▶ _PROBLEM DESCRIPTION_: Copy each line of the records below, from the first through the one that contains "Boku no Hero", exactly as written.

========

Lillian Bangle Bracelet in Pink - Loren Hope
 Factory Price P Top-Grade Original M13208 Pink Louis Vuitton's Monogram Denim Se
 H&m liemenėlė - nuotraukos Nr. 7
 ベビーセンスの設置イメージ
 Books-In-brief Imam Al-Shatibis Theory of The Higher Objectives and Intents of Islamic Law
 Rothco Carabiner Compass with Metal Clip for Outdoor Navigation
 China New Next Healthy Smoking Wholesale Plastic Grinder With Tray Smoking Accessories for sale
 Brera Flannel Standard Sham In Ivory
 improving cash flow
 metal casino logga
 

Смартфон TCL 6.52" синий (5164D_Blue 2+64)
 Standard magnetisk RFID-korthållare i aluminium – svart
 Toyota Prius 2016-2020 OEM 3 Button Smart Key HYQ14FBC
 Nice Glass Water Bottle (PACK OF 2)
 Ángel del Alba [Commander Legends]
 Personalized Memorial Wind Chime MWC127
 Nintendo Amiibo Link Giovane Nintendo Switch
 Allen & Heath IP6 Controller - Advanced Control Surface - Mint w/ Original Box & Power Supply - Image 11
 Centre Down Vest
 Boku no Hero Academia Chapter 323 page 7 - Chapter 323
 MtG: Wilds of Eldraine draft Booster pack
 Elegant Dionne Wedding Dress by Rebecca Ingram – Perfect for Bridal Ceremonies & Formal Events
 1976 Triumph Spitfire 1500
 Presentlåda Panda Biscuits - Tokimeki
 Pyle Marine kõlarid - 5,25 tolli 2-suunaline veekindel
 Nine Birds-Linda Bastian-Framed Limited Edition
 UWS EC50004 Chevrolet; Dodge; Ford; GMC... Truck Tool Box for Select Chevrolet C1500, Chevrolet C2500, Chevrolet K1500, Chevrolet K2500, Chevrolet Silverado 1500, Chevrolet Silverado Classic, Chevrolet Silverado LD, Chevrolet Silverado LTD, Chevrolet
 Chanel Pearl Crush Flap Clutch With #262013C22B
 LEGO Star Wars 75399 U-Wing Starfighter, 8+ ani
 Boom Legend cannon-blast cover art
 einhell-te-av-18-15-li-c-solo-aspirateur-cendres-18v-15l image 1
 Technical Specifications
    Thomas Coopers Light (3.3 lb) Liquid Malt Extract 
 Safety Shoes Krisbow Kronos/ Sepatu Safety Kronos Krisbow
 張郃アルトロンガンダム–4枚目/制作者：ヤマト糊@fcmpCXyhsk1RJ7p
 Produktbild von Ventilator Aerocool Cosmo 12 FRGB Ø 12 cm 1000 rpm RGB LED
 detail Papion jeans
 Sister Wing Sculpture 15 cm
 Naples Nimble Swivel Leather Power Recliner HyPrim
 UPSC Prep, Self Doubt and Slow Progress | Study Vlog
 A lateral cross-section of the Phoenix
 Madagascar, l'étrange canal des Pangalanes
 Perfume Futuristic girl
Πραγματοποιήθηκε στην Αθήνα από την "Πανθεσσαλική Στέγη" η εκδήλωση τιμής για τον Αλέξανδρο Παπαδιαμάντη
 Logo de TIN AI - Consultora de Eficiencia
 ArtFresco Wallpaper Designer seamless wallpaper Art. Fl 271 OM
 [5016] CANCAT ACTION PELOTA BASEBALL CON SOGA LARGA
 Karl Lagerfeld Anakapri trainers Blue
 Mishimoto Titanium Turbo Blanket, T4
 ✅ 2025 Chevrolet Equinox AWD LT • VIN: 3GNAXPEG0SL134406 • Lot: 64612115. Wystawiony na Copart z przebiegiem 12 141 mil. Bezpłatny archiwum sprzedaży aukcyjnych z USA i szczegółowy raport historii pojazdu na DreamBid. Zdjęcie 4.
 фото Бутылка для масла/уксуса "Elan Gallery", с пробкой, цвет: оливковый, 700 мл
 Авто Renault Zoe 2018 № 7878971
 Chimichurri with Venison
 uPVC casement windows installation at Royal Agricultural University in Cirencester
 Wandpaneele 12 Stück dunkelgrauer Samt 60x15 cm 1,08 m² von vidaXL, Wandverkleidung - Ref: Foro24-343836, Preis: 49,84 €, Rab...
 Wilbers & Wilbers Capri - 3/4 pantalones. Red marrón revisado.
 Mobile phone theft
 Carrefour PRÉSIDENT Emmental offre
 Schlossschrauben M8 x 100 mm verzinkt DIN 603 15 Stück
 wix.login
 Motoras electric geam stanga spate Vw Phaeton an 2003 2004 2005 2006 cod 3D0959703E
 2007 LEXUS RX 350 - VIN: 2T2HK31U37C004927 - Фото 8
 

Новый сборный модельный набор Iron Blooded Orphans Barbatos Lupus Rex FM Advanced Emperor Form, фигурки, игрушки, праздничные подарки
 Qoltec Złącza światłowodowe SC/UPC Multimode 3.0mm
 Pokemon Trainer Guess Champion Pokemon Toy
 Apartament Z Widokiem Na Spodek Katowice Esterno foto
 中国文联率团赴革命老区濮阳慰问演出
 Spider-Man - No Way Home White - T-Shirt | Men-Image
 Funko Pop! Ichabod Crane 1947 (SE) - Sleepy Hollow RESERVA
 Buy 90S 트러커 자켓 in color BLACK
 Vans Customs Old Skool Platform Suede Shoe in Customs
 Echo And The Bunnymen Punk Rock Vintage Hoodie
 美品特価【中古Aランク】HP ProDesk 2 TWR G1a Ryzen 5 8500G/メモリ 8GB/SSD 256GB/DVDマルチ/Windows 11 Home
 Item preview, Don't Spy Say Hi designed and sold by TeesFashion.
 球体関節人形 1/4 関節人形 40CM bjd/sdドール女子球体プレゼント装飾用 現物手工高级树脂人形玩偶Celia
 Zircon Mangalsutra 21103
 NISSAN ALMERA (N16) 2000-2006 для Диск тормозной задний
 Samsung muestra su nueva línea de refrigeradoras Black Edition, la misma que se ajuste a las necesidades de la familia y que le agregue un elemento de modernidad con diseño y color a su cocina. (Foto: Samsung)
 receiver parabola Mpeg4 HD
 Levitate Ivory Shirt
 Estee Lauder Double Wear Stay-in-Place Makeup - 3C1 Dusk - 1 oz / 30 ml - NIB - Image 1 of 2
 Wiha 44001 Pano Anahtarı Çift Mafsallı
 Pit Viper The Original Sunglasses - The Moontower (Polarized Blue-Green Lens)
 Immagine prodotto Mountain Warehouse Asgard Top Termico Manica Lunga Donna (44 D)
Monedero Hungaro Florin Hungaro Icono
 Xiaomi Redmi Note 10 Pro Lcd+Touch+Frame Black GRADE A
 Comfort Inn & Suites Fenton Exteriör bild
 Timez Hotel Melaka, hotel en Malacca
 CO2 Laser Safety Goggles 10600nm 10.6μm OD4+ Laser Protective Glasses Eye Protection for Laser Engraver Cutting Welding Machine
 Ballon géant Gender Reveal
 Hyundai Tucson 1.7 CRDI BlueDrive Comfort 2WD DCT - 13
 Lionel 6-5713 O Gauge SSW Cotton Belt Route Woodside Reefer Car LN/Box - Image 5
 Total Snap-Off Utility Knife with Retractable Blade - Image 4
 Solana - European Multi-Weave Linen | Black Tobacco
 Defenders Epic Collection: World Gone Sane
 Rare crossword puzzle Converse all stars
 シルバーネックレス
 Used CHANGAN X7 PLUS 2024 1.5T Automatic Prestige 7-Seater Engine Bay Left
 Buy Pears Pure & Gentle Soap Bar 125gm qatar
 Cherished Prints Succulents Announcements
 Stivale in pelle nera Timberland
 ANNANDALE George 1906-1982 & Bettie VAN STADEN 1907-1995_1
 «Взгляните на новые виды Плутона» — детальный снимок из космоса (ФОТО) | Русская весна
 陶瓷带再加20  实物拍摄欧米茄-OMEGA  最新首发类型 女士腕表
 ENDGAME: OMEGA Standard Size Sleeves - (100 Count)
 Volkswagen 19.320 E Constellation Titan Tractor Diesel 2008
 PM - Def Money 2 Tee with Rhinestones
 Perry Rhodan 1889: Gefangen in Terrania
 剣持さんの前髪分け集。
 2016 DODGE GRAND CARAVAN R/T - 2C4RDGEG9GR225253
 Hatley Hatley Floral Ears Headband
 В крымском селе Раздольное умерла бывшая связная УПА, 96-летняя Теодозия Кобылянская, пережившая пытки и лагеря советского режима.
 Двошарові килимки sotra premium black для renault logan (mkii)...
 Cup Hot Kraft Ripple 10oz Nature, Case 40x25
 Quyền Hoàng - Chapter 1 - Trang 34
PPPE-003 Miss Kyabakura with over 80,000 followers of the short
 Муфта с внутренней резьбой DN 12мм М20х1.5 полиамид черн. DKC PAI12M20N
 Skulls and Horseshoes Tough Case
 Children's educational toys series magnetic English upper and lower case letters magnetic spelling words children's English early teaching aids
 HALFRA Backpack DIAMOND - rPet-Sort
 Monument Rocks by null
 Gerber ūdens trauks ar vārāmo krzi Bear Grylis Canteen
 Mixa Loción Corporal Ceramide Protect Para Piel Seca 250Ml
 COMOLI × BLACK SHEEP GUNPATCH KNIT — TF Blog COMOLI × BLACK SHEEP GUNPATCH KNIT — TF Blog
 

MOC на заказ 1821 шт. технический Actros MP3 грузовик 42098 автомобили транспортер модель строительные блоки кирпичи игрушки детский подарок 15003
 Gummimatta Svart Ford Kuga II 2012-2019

========

▶ _COMPLETED EXERCISE_:
Lillian Bangle Bracelet in Pink - Loren Hope
 Factory Price P Top-Grade Original M13208 Pink Louis Vuitton's Monogram Denim Se
 H&m liemenėlė - nuotraukos Nr. 7
 ベビーセンスの設置イメージ
 Books-In-brief Imam Al-Shatibis Theory of The Higher Objectives and Intents of Islamic Law
 Rothco Carabiner Compass with Metal Clip for Outdoor Navigation
 China New Next Healthy Smoking Wholesale Plastic Grinder With Tray Smoking Accessories for sale
 Brera Flannel Standard Sham In Ivory
 improving cash flow
 metal casino logga
 

Смартфон TCL 6.52" синий (5164D_Blue 2+64)
 Standard magnetisk RFID-korthållare i aluminium – svart
 Toyota Prius 2016-2020 OEM 3 Button Smart Key HYQ14FBC
 Nice Glass Water Bottle (PACK OF 2)
 Ángel del Alba [Commander Legends]
 Personalized Memorial Wind Chime MWC127
 Nintendo Amiibo Link Giovane Nintendo Switch
 Allen & Heath IP6 Controller - Advanced Control Surface - Mint w/ Original Box & Power Supply - Image 11
 Centre Down Vest
 Boku no Hero Academia Chapter 323 page 7 - Chapter 323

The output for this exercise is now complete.